Input data>
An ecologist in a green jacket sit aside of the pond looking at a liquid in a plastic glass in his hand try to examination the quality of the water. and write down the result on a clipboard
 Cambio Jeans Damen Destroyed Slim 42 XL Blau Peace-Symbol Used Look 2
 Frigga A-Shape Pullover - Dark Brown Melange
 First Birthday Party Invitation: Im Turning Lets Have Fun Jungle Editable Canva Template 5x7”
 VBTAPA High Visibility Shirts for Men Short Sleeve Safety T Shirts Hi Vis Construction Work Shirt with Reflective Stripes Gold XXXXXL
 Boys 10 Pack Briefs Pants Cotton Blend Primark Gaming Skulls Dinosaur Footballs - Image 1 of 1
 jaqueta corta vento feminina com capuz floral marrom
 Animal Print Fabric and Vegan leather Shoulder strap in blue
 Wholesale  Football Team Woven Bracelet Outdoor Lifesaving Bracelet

Task requirements>
Print each line of the data exactly. Keep all of it.

Reply>
An ecologist in a green jacket sit aside of the pond looking at a liquid in a plastic glass in his hand try to examination the quality of the water. and write down the result on a clipboard
 Cambio Jeans Damen Destroyed Slim 42 XL Blau Peace-Symbol Used Look 2
 Frigga A-Shape Pullover - Dark Brown Melange
 First Birthday Party Invitation: Im Turning Lets Have Fun Jungle Editable Canva Template 5x7”
 VBTAPA High Visibility Shirts for Men Short Sleeve Safety T Shirts Hi Vis Construction Work Shirt with Reflective Stripes Gold XXXXXL
 Boys 10 Pack Briefs Pants Cotton Blend Primark Gaming Skulls Dinosaur Footballs - Image 1 of 1
 jaqueta corta vento feminina com capuz floral marrom
 Animal Print Fabric and Vegan leather Shoulder strap in blue
 Wholesale  Football Team Woven Bracelet Outdoor Lifesaving Bracelet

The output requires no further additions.